Pronunciare Fasciani-Triassi-Spada era professare il credo nella trinità laica di quel pezzo di mondo. Ogni cosa che avveniva — avvenivano tante cose — era frutto di un incrocio di nomi: “Nel nome dei Fasciani, dei Triassi e degli Spada” (Amen) si era abituata a pronunciare la gente: per paura, per comodità, perché si era sempre fatto così. Amen, a Ostia, è una tapparella che si abbassa, uno sguardo che si addormenta: “Le persone, tutte insieme, rientrarono in casa e tirarono giù, in un unico desolante rumore, le tapparelle”. 



Il rumore di quell’amen è sbruuum: omertà. A intimare quell’omertà non sono quattro galline, è un boss, appartiene al clan spietato degli Spada: “Il boss aveva ordinato di rientrare e il quartiere aveva obbedito. Desolante”. La tapparella di Federica, invece, regge l’urto di quell’intimidazione: loro puntano la pistola, lei punta la penna. E’ l’incipit della sua dichiarazione di guerra.

Da allora Federica Angeli — cronista di Repubblica e nemica giurata di quella sorta di trinità invincibile — vive sotto scorta. Blindatissima fino a sopra i capelli, agisce A mano disarmata (Baldini+Castoldi, 2018). 



Millesettecento notti sotto scorta per ridare alla sua Ostia (città dov’è nata, cresciuta, dove si ostina a rimanere con la famiglia) la forza di un sogno: che nessuno, e non solo lei, debba mai più abbassare quelle maledette tapparelle. E’ guerra: tra intercettazioni, faldoni giudiziari, pedinamenti, inchieste, appostamenti.

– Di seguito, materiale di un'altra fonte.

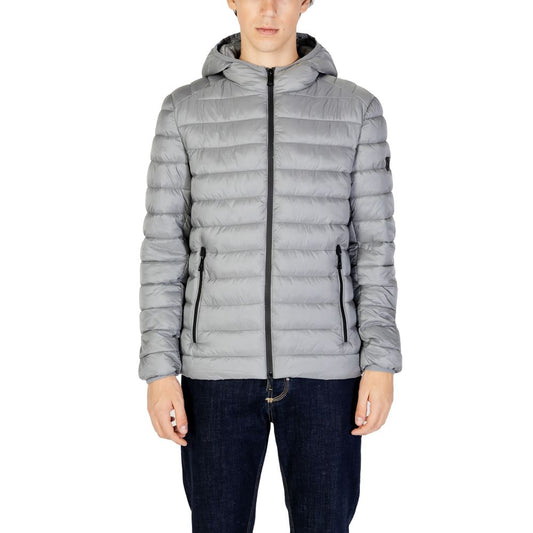 Jacket by Gianni Lupo for men in polyamide gray showcases a enveloping silhouette, artfully detailed with a enveloping and premium for a truly enveloping finish.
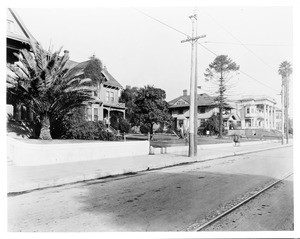 Figueroa Street looking north from Sixth Street, Los Angeles, ca.1915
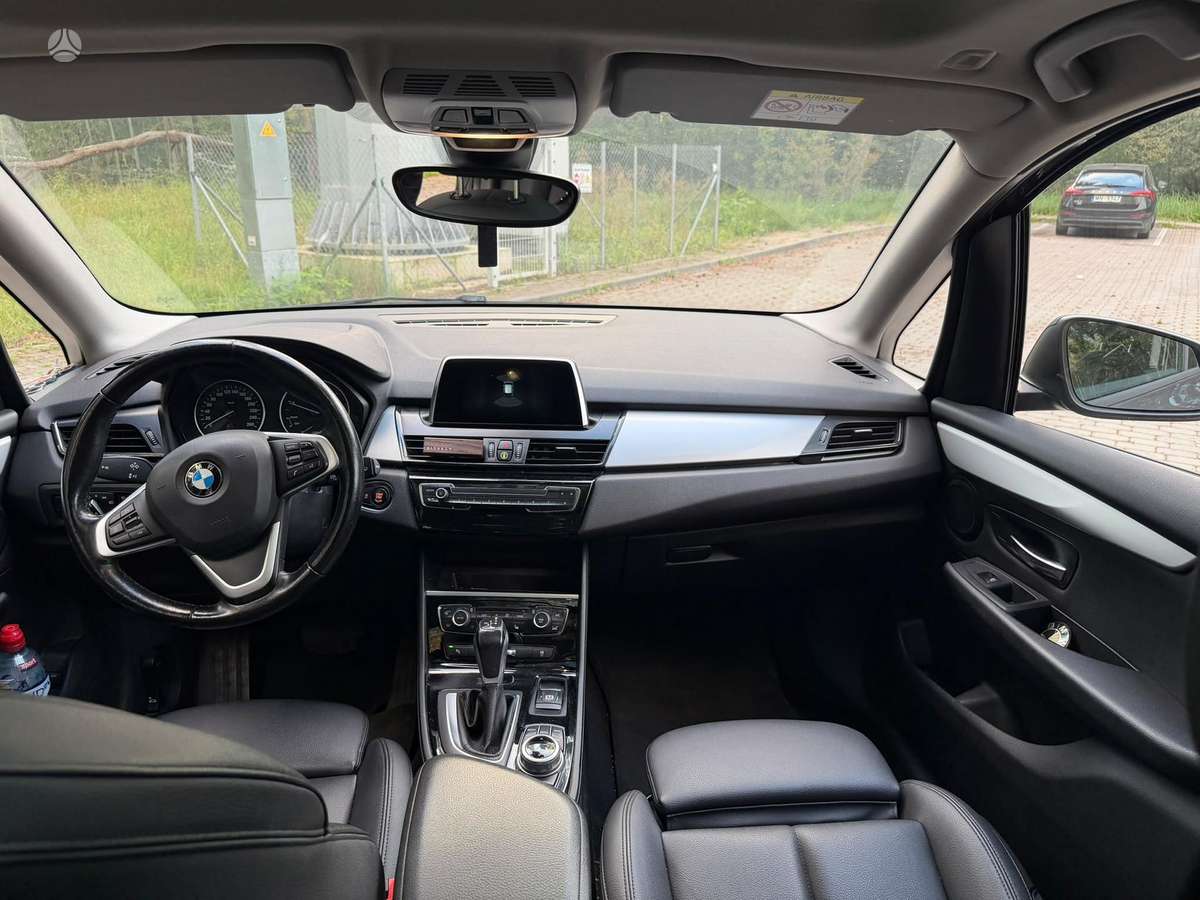 BMW 216 Active Tourer, hatchback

Faccia a faccia diretti col male. Quello che ti sequestra l’anima e il corpo, quello lurido che minaccia di attaccarti gli affetti, la bestia di sangue che scompare per esserci. 

Ostia, da troppo tempo, era terra di nessuno: loro lo sapevano. Non avevano calcolato che anche Federica non era di nessuno: è di tutti quelli che amano la libertà, la verità, la luce. E’ una tigre d’assalto, con la sua femminilità cucita addosso: perché rinunciare alla sensualità donna quando si sa per certo che il male la odia? In guerra ci si va per amore: per fare l’amore col bene, sotto gli occhi diretti del male. Anche se, vivendo così, s’impara presto il complemento di solitudine assoluta: “La mia indipendenza, che è la mia forza, implica la solitudine, che è la mia debolezza” annota con candidezza Federica citando Pier Paolo Pasolini. “La mafia è una montagna di merda” scriveva Peppino Impastato, ribelle alle leggi della mafia ucciso a Cinisi il 9 maggio 1978. Nessuna perla, però, si scioglie nel fango: provateci. Del cronista, Federica è maestra, è avere “la capacità di sporcarsi le mani e di guardare la realtà per quello che è per poi descriverla senza veli al lettore”. A voce alta, per dire che il problema di Palermo, mentre ammazzavano Falcone-Borsellino, non era il traffico, ma la mafia. Che a Ostia, mentre tentano l’assalto alla speranza, il problema non sono le buche, ma la criminalità.

La sfottono: “Il loro intento è farti perdere concentrazione dalle cose serie”. Ne irridono il sistema di sicurezza: “Fa la vip con la scorta”, come se andare a comprarsi la biancheria intima scortata fosse il sogno di una donna. Minacciano i suoi bambini: “Non c’era la mafia o i miei affetti. Conta solo sconfiggere la mafia per i miei affetti”. Come fare per non tirare giù la tapparella? “Comincia uno, l’altro ti viene dietro e poi il mondo si ribalta. E vince”. Con una semplicità ustionante: le parole dritte, penna puntata, a mano disarmata. “La mafia a Ostia c’è”: adesso lo dice anche la giustizia. Anche Federica c’è. C’è sempre stata.

Chi non la vedeva, adesso abbassa lo sguardo: la scorge disarmata. Letale.